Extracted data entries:

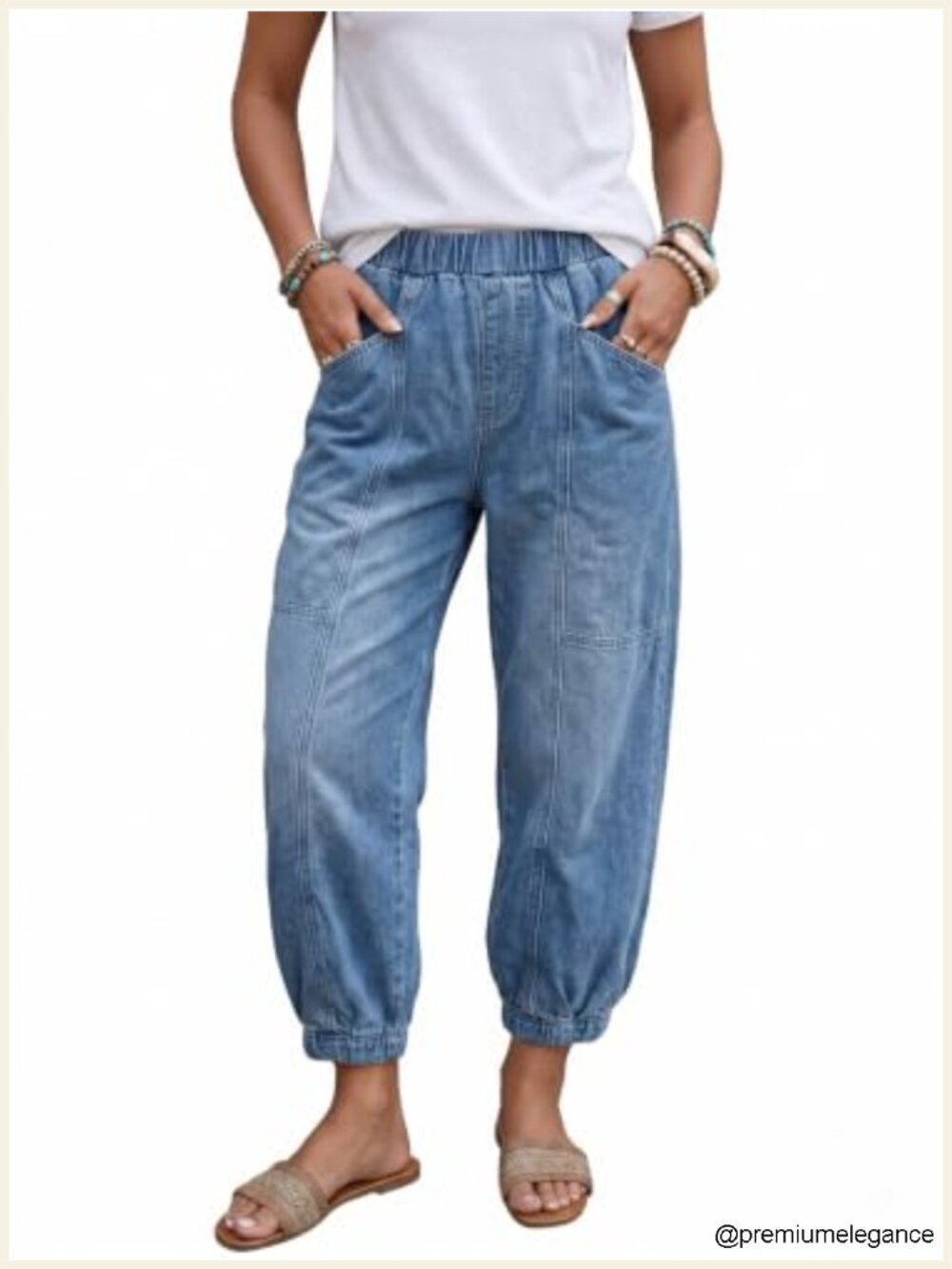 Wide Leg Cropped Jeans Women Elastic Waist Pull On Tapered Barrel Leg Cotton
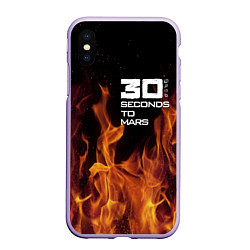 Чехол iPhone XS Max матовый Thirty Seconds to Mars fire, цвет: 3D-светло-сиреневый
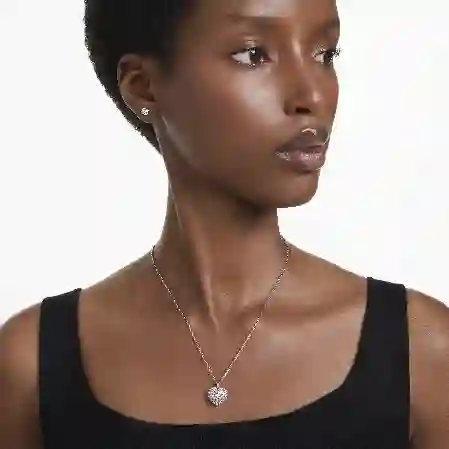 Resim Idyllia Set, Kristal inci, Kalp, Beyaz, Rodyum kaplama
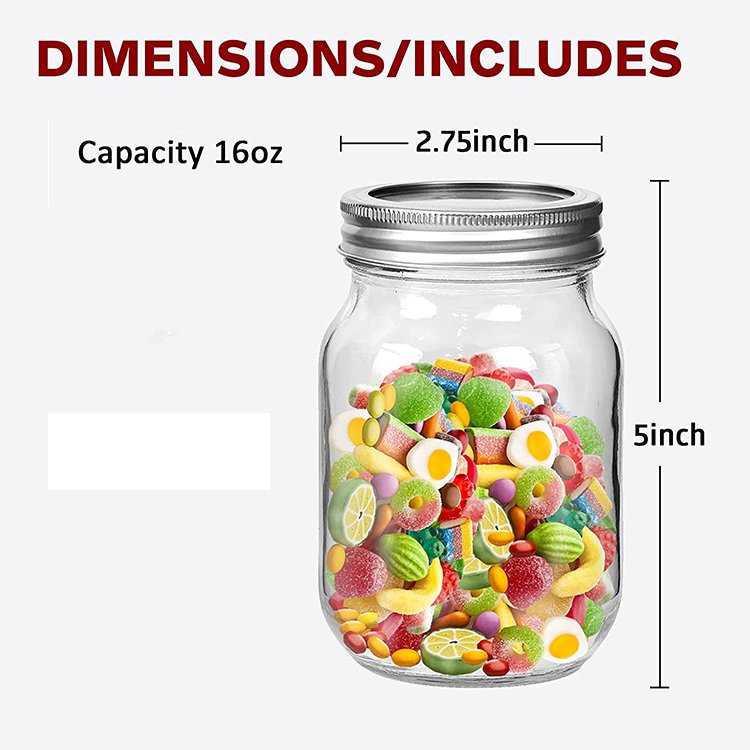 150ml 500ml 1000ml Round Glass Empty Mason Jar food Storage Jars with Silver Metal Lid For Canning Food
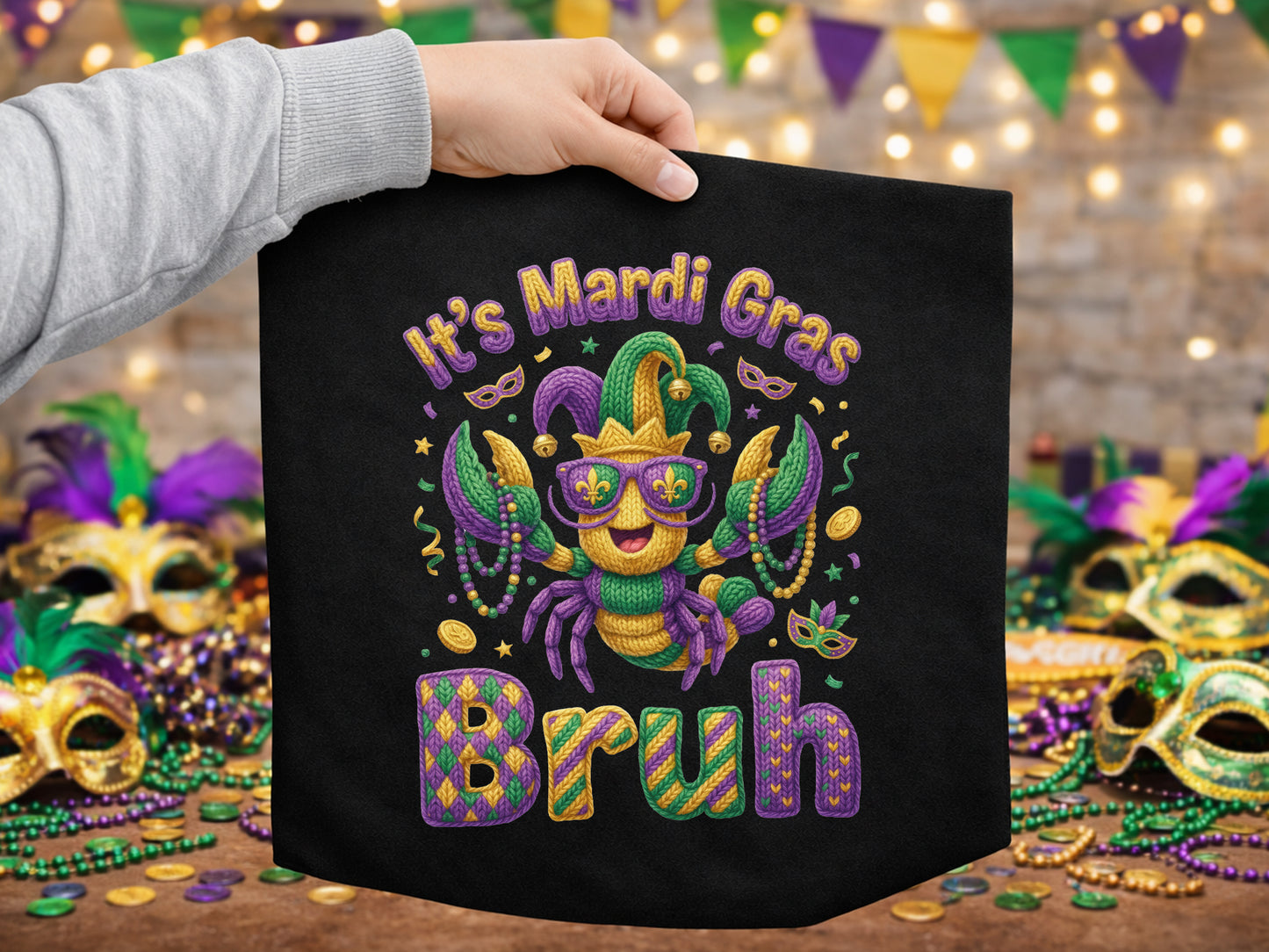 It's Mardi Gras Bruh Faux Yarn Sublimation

...

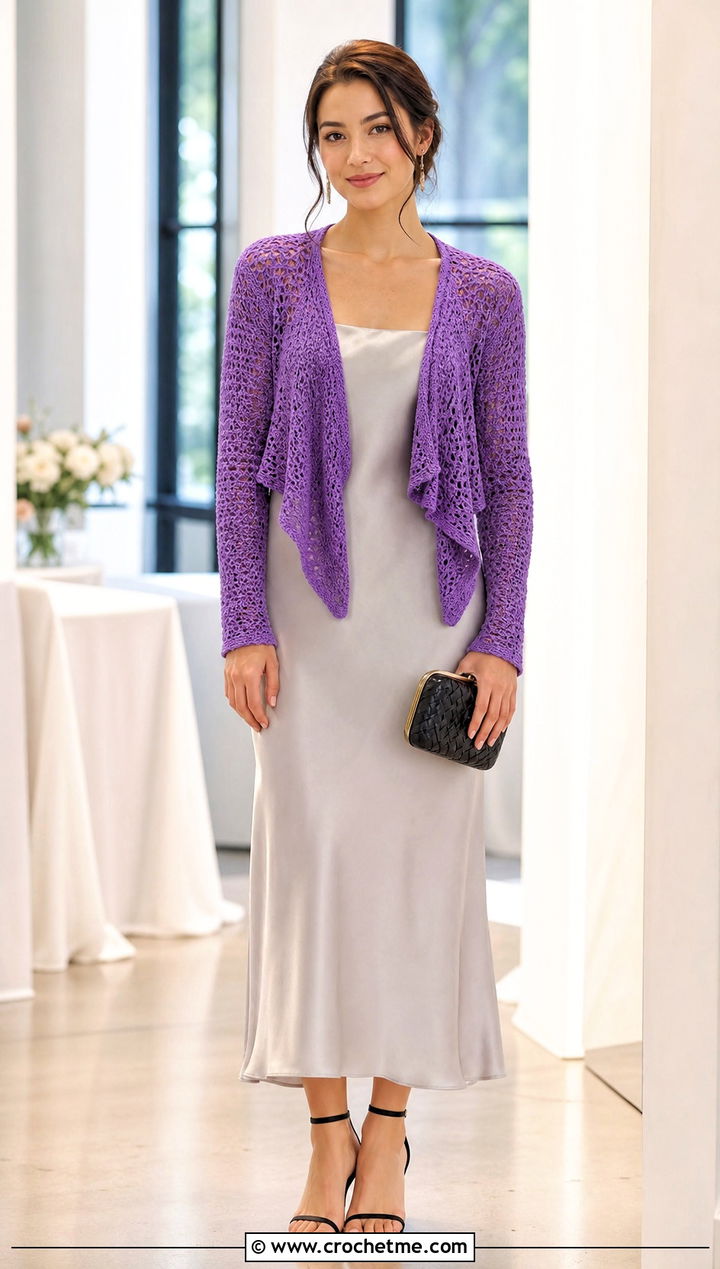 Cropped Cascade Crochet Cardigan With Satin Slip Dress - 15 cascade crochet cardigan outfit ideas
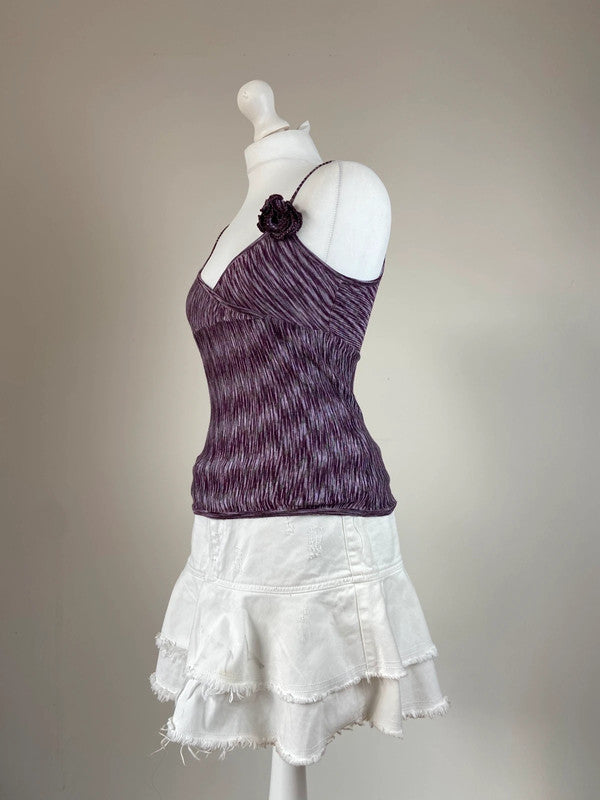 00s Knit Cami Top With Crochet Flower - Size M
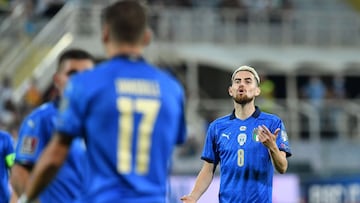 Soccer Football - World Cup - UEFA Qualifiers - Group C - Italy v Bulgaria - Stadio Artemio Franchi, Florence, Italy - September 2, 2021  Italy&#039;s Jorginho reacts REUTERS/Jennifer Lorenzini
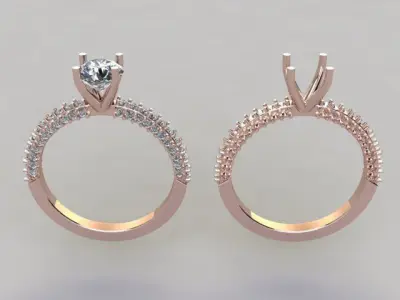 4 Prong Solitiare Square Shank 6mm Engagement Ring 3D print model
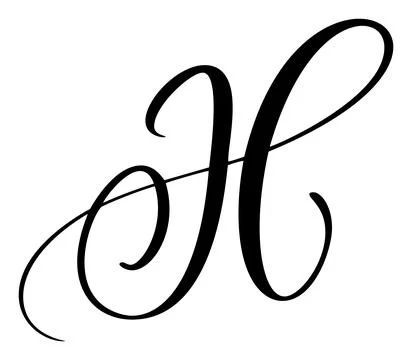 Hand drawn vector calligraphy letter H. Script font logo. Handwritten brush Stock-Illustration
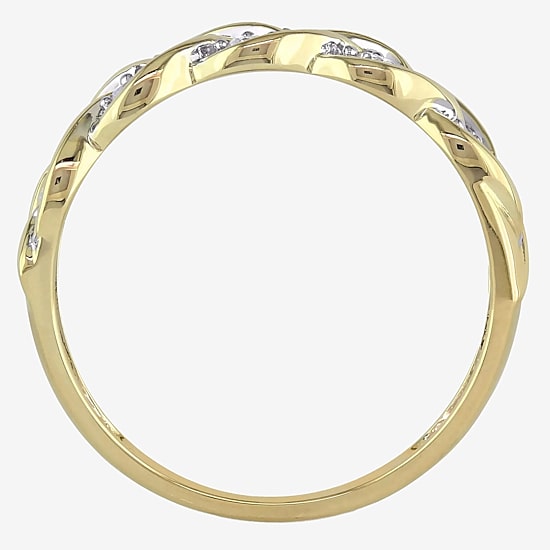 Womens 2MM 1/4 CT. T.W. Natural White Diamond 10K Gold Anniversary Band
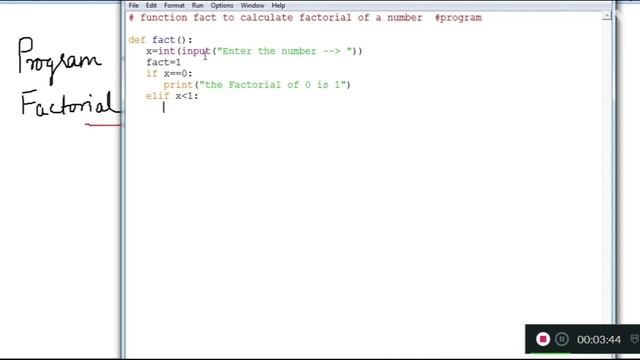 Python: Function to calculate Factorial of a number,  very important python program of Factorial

#### [WORK INSTRUCTIONS]
Leaving each picture behind, please give again exactly the lines above from the one with "4 Prong Solitiare" through the one with "Python: Function to", both included, and no others.

#### [RESPONSE TO THE TASK]
 4 Prong Solitiare Square Shank 6mm Engagement Ring 3D print model
 Hand drawn vector calligraphy letter H. Script font logo. Handwritten brush Stock-Illustration
 Womens 2MM 1/4 CT. T.W. Natural White Diamond 10K Gold Anniversary Band
 Python: Function to calculate Factorial of a number,  very important python program of Factorial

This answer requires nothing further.